After the candle is lit, the family sings three blessings in Hebrew. Hanukkah is known as the "Festival of Lights," and while it is not the most important holiday of the Jewish faith, its meaning is not lost on the Stern family.
"It's important to show the kids we're free to pray the way we want to pray and practice our religion because, for so many years, Jews were not able to practice their religion and study the Torah," says Ben Stern.
Around 165 B.C., the Jews reclaimed their temple from the Syrians Today, the eight candles on the menorah represent the eight days that the sacramental oil burned brightly in Jerusalem.
The dreidel is another symbol of the Jewish festival. Each side of the small toy represents a different Hebrew letter.

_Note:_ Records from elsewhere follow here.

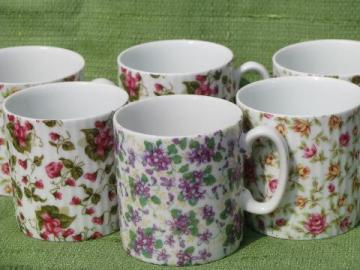 catalog photo of 6 chintz china coffee cups, vintage Japan mugs, all-over flowers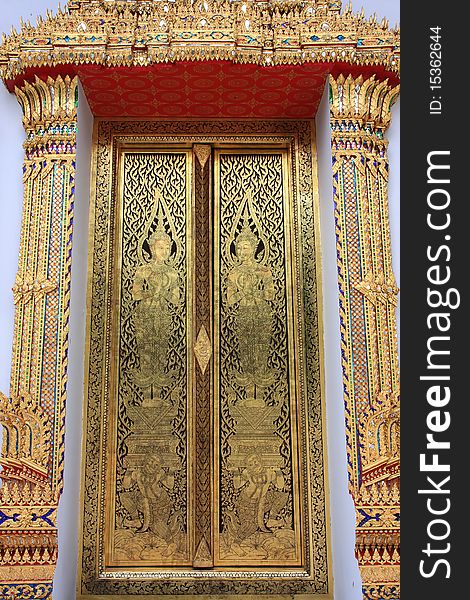 Traditional Thai Style Chruch Door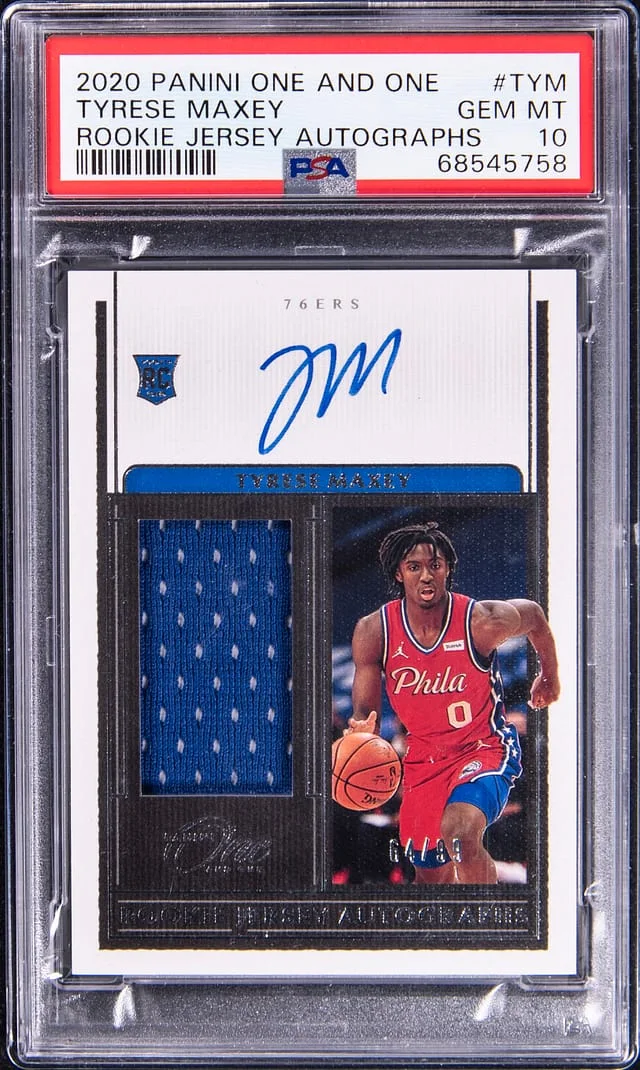 2020-21 Panini One and One Tyrese Maxey Jersey Autographs #RJA-TYM card image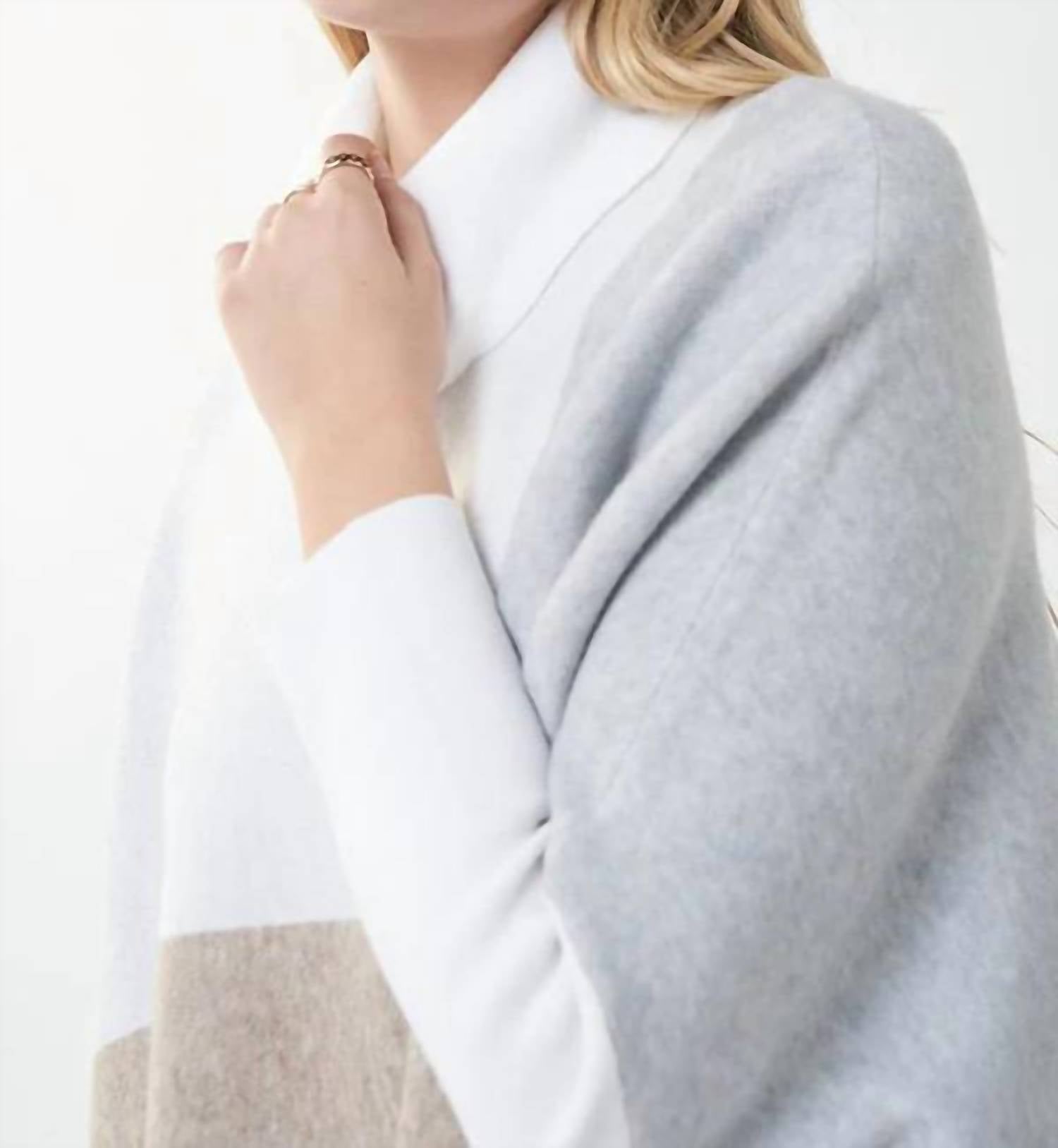 Joseph Ribkoff - Ceren Color Block Tunic Turtleneck Sweater Top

"Whenever the Syrians came by and looked in, they saw the kids playing a game, when in reality, they were teaching kids the Hebrew letters and the Hebrew language," Ben says.
The Sterns believe in teaching their sons a lesson in faith. They want to make sure their Jewish heritage continues to shine.
"We have to show them being Jewish is wonderful and something to be very proud of," Teri says.
It is also tradition to eat foods fried in oil during Hanukkah. Some common foods are potato latkes and doughnuts.